Пенкин вдруг смолк, видя, что действительно он далеко хватил.
- Вот вы прочтите, увидите сами, - добавил он уже без азарта.
- Нет, Пенкин, я не стану читать.
- Отчего ж? Это делает шум, об этом говорят...
- Да пускай их! Некоторым ведь больше нечего и делать, как только
говорить. Есть такое призвание.
- Да хоть из любопытства прочтите.
- Чего я там не видал? - говорил Обломов. - Зачем это они пишут:
только себя тешат...
- Как себя: верность-то, верность какая! До смеха похоже. Точно живые
портреты. Как кого возьмут, купца ли, чиновника, офицера, будочника, -
точно живьем отпечатают.
- Из чего же они бьются: из потехи, что ли, что вот кого-де не
возьмем, а верно и выйдет? А жизни-то и нет ни в чем: нет понимания ее и
сочувствия, нет того, что там у вас называется гуманитетом. Одно самолюбие
только. Изображают-то они воров, падших женщин, точно ловят их на улице да
отводят в тюрьму. В их рассказе слышны не "невидимые слезы", а один только
видимый, грубый смех, злость...
- Что ж еще нужно? И прекрасно, вы сами высказались: это кипучая
злость - желчное гонение на порок, смех презрения над падшим человеком...
тут все!
- Нет, не все! - вдруг воспламенившись, сказал Обломов. - Изобрази
вора, падшую женщину, надутого глупца, да и человека тут же не забудь. Где
же человечность-то? Вы одной головой хотите писать! - почти шипел Обломов.

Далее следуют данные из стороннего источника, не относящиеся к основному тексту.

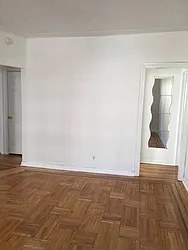 Rented by EZ Sell Realty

- Вы думаете, что для мысли не надо сердца? Нет, она оплодотворяется
любовью. Протяните руку падшему человеку, чтоб поднять его, или горько
плачьте над ним, если он гибнет, а не глумитесь. Любите его, помните в нем
самого себя и обращайтесь с ним, как с собой, - тогда я стану вас читать и
склоню перед вами голову... - сказал он, улегшись опять покойно на диване.
- Изображают они вора, падшую женщину, - говорил он, - а человека-то
забывают или не умеют изобразить. Какое же тут искусство, какие поэтические
краски нашли вы? Обличайте разврат, грязь, только, пожалуйста, без
претензии на поэзию.
- Что же, природу прикажете изображать: розы, соловья или морозное
утро, между тем как все кипит, движется вокруг? Нам нужна одна голая
физиология общества; не до песен нам теперь...
- Человека, человека давайте мне! - говорил Обломов. - Любите его...
- Любить ростовщика, ханжу, ворующего или тупоумного чиновника -
слышите? Что вы это? И видно, что вы не занимаетесь литературой! -
горячился Пенкин. - Нет, их надо карать, извергнуть из гражданской среды,
из общества...
- Извергнуть из гражданской среды! - вдруг заговорил вдохновенно
Обломов, встав перед Пенкиным. - Это значит забыть, что в этом негодном
сосуде присутствовало высшее начало; что он испорченный человек, но все
человек же, то есть вы сами. Извергнуть! А как вы извергнете из круга
человечества, из лона природы, из милосердия божия? - почти крикнул он с
пылающими глазами.
- Вон куда хватили! - в свою очередь, с изумлением сказал Пенкин.
Обломов увидел, что и он далеко хватил. Он вдруг смолк, постоял с
минуту, зевнул и медленно лег на диван.
Оба погрузились в молчание.
- Что ж вы читаете? - спросил Пенкин.
- Я... да все путешествия больше.
Опять молчание.
- Так прочтете поэму, когда выйдет? Я бы принес... - спросил Пенкин.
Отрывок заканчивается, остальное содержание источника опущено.